As I write this, Amazon’s S3 storage servers have been unreachable for 90 minutes. As was the case back in February the last time this happened, the outage is apparent by chunks of Web 2.0 dropping off: the most visible indication of trouble for many people was the sudden vanishing of pictures from Twitter. Poke around some, though, and you can find plenty of other services that are gasping for air right now. That’s not counting those of us who use S3 personally, for things like backups via Jungle Disk or the equivalent.
Amazon learned from the last outage that transparency is a must. If you visit the Service Health Dashboard, you can see that they know about the outage and are “pursuing corrective action” – though they have not yet announced an ETA for a fix.

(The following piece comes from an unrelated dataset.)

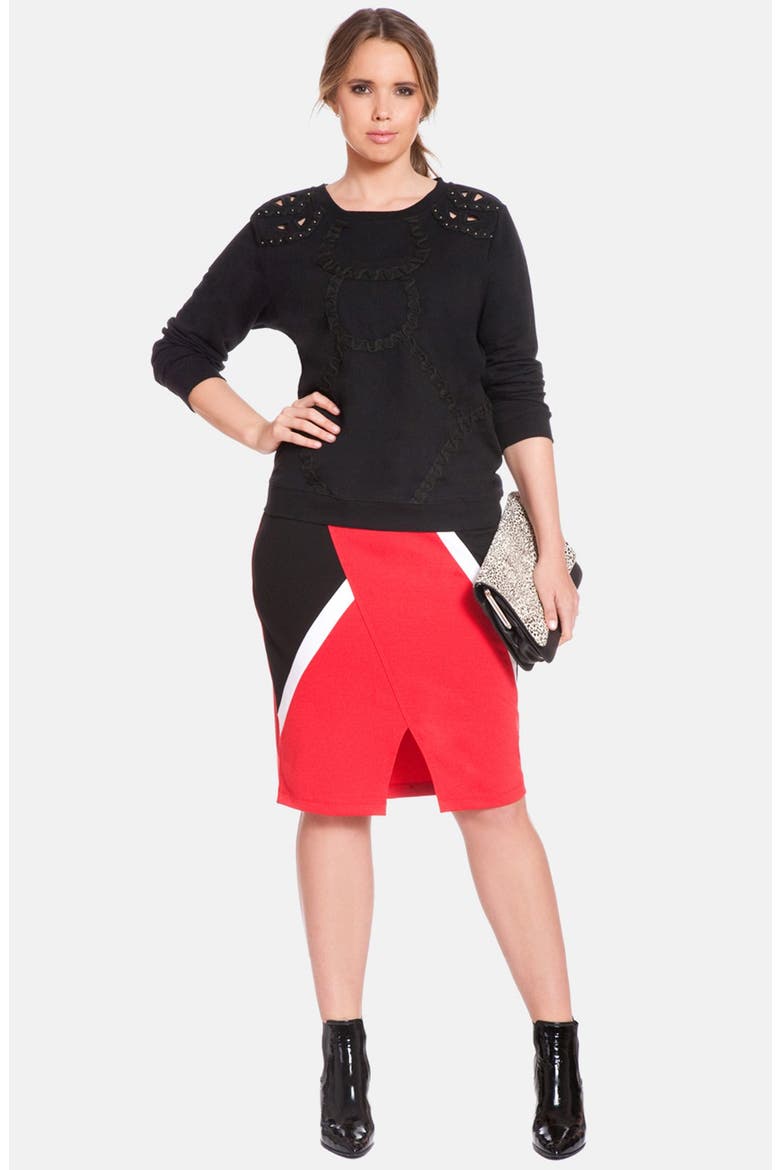 Asymmetrical Colorblock Pencil Skirt, Alternate, color, TARTAN/ BLACK/ WHITE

At least we know they’re working on it, though that’s cold comfort for startups who built their business around S3. Fortunately Amazon’s EC2 cloud is unaffected, so we’re not seeing swathes of servers vanish from the net.
Amazon does offer an SLA for the S3 service, guaranteeing 99.9% uptime or part of your money back. With .1% of a month being around 45 minutes, that means they owe people money. The requirements for claiming a refund, though, are onerous enough that no one except large users will bother (hey, Amazon, how about an automatic refund when you know your servers are down?).

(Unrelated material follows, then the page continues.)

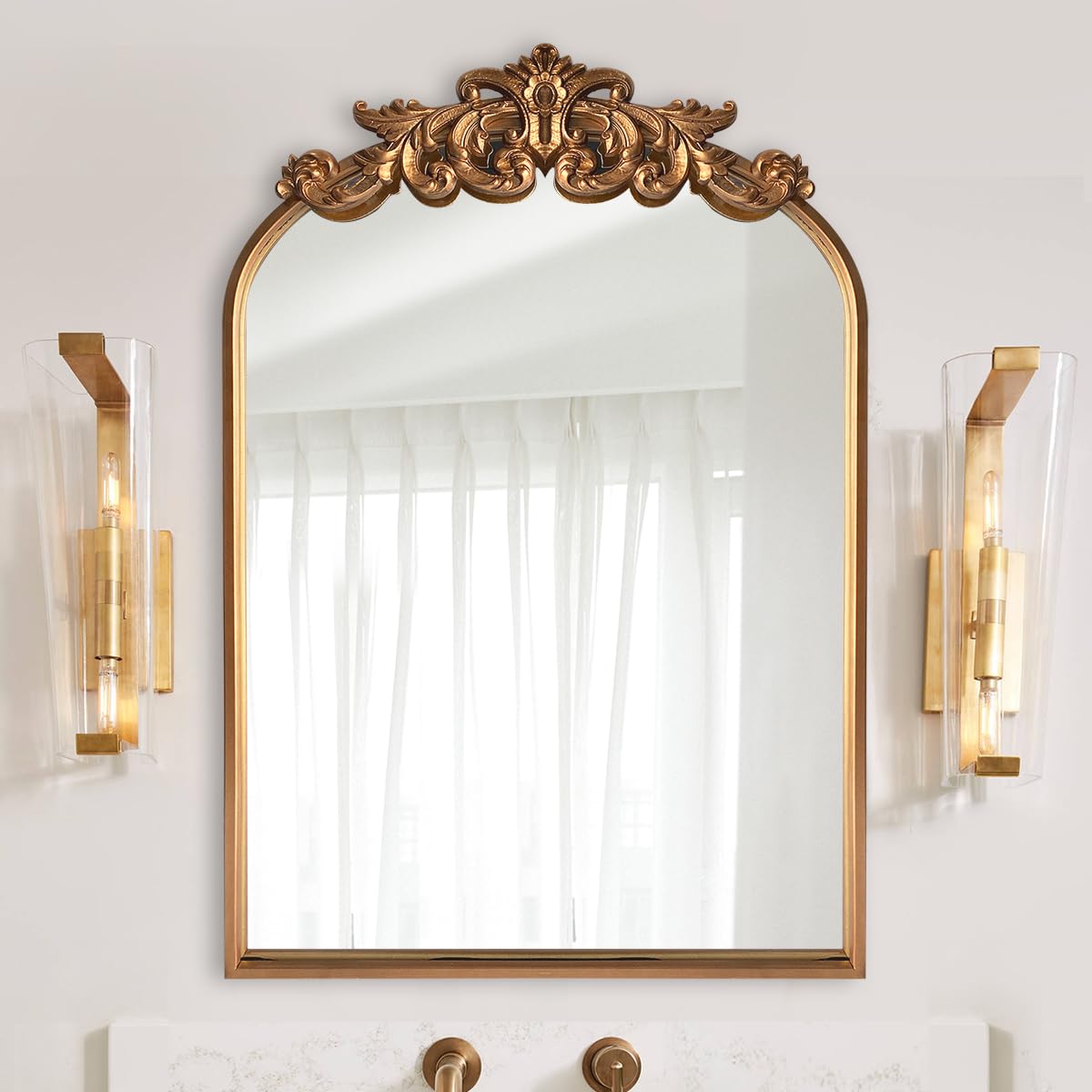 WAMIRRO Ornate Gold Mirror,Vintage Arched Mirror,Baroque Antique Mirorr for Living Room Hallway Fireplace Bathroom Entryway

With two relatively serious outages in the space of 6 months, some will be asking the question of why depend on S3? The answer is simple: the rates are hard to beat, especially for service that doesn’t require any sysadmin budget. The fact remains that no other giant has started offering commodity storage at similarly attractive prices, though it’s obvious that Google or even Microsoft could get into the game if they wanted to.
As long as Amazon has a virtual monopoly of cheap, distributed, fast, API-accessible storage, web startups will continue to depend on them. If you need to offer your customers better than 99.9% uptime for some reason, though, it’s clear that you need to have a backup plan for those times when the Amazon infrastructure is having issues. Fortunately, most of us can live without uptime over that level.